Your assignment.
Please go line by line and repeat the data below exactly, with no images.

Given data.

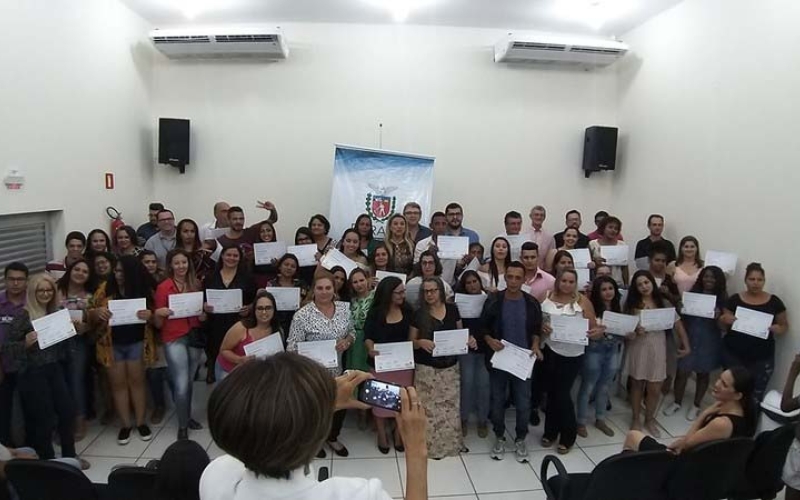 Alunos do Curso de Panificação da Carreta do Conhecimento são certificados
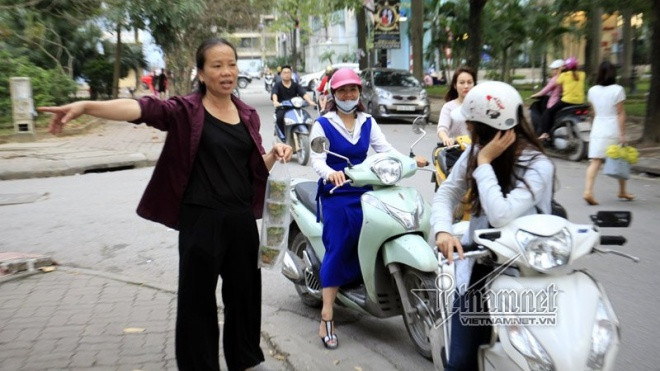 Trả vỉa hè, dân treo hàng lơ lửng cành cây kiếm sống Ảnh 2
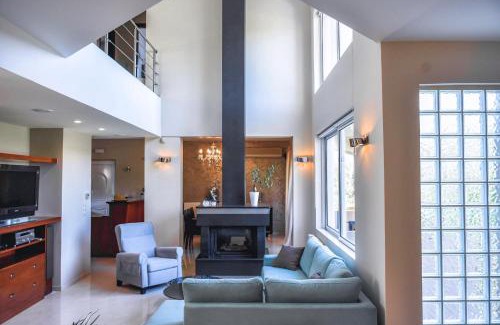 Tsikalaria Villa | Villa Sweven Chania , Private Pool & Stunning Sunsets , Near the Beach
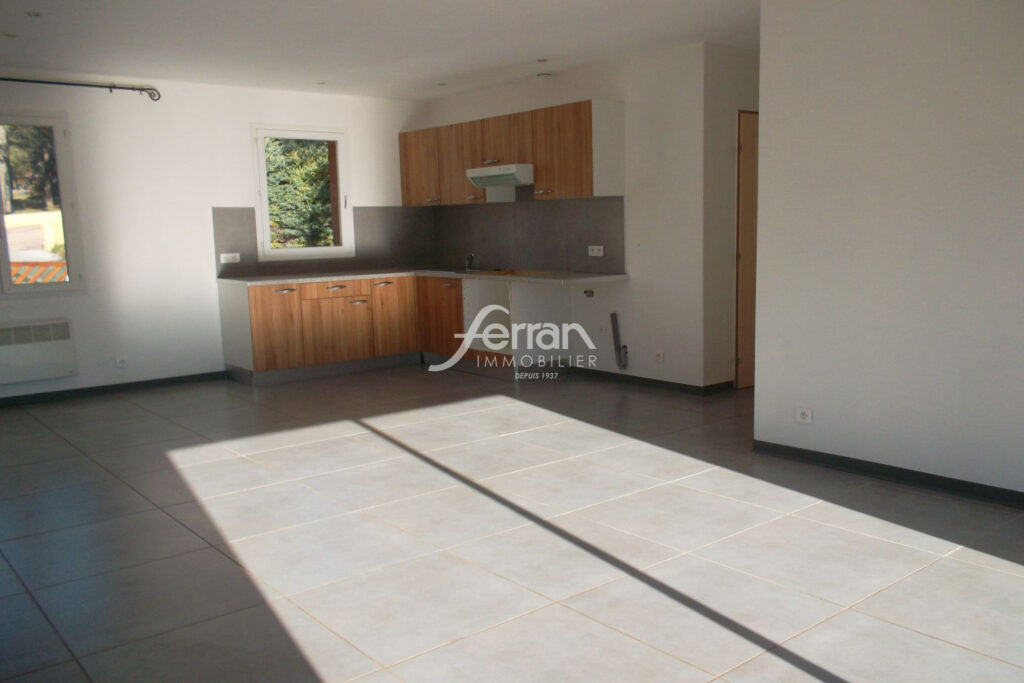 À vendre idéal investisseur à Villecroze maison T4 avec jardin – 4 pièces – 3 chambres – 77.00 m²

Task response.
 Alunos do Curso de Panificação da Carreta do Conhecimento são certificados
 Trả vỉa hè, dân treo hàng lơ lửng cành cây kiếm sống Ảnh 2
 Tsikalaria Villa | Villa Sweven Chania , Private Pool & Stunning Sunsets , Near the Beach
 À vendre idéal investisseur à Villecroze maison T4 avec jardin – 4 pièces – 3 chambres – 77.00 m²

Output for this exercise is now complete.